12. De rechtbank verklaart het beroep gegrond en vernietigt het bestreden besluit. Gezien hetgeen is overwogen onder 10 en verder bestaat geen aanleiding om de rechtsgevolgen van het vernietigde bestreden besluit in stand te laten. De rechtbank zal ook niet de bestuurlijke lus toepassen omdat de rechtbank in een eerdere zaak gebleken is, hetgeen wordt bevestigd door het door verweerder gevoerde verweer, dat verweerder bij zijn standpunt blijft. De rechtbank ziet geen mogelijkheden om zelf in de zaak te voorzien omdat enerzijds het aan verweerder is om (op basis van onderzoek naar adequate opvang in het land van herkomst) een keuze te maken tussen een terugkeerplicht of een verblijfsrecht en anderzijds de rechtbank aan eiser geen verblijfsvergunning kan verlenen. De rechtbank acht het in het belang van eiser dat verweerder binnen zes weken na de datum van deze uitspraak een nieuwe beslissing op eisers aanvraag neemt met inachtneming van deze uitspraak.
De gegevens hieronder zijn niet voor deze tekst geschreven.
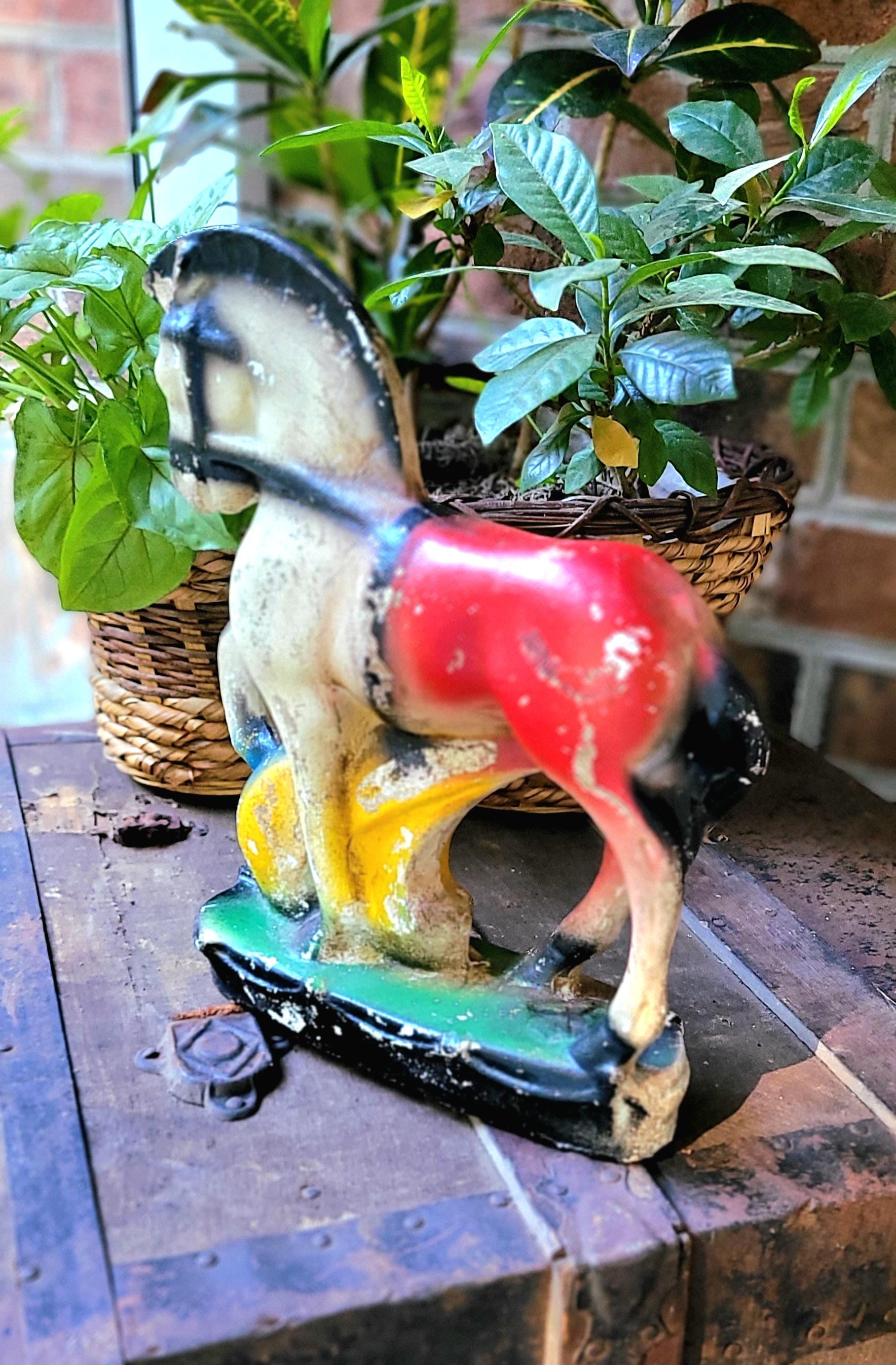 Large Vintage 1940's Carnival/fair Prize, ~11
13. De rechtbank bepaalt, om spoedige besluitvorming te bevorderen, dat verweerder een dwangsom verbeurt voor elke dag dat hij in gebreke blijft de uitspraak na te leven. Zoals de Afdeling in de uitspraak van 8 juli 2020 (ECLI:NL:RVS;2020:1560) heeft overwogen, kan de rechtbank in redelijkheid de volgens haar eigen beleid gebruikelijke dwangsom aan de uitspraak verbinden. Daarom zal de rechtbank deze dwangsom vaststellen op € 100,- per dag, met een maximum van € 7.500,-.
14. De rechtbank veroordeelt verweerder in de door eiser gemaakte proceskosten. De proceskosten stelt de rechtbank op grond van het Besluit proceskosten bestuursrecht voor de door een derde beroepsmatig verleende rechtsbijstand vast op € 1.496,- (1 punt voor het indienen van het beroepschrift en 1 punt voor het verschijnen ter zitting met een waarde per punt van € 748,- en een wegingsfactor 1).
verklaart het beroep gegrond;
vernietigt het bestreden besluit;
draagt verweerder op binnen zes weken na de dag van verzending van deze uitspraak een nieuw besluit te nemen met inachtneming van deze uitspraak;
bepaalt dat verweerder aan eiser een dwangsom van € 100,- verbeurt voor elke dag waarmee hij de hiervoor genoemde termijn overschrijdt, met een maximum van € 7.500,-;
veroordeelt verweerder in de proceskosten van eiser tot een bedrag van € 1.496,-.
Deze uitspraak is gedaan door mr. A. Snijders, rechter, in aanwezigheid van mr.M.B.J. Schreijen, griffier.
De uitspraak is uitgesproken in het openbaar en bekendgemaakt op: 4 oktober 2021.
Rechtsmiddel
Tegen deze uitspraak kan hoger beroep worden ingesteld bij de Afdeling bestuursrechtspraak van de Raad van State binnen één week na de dag van bekendmaking.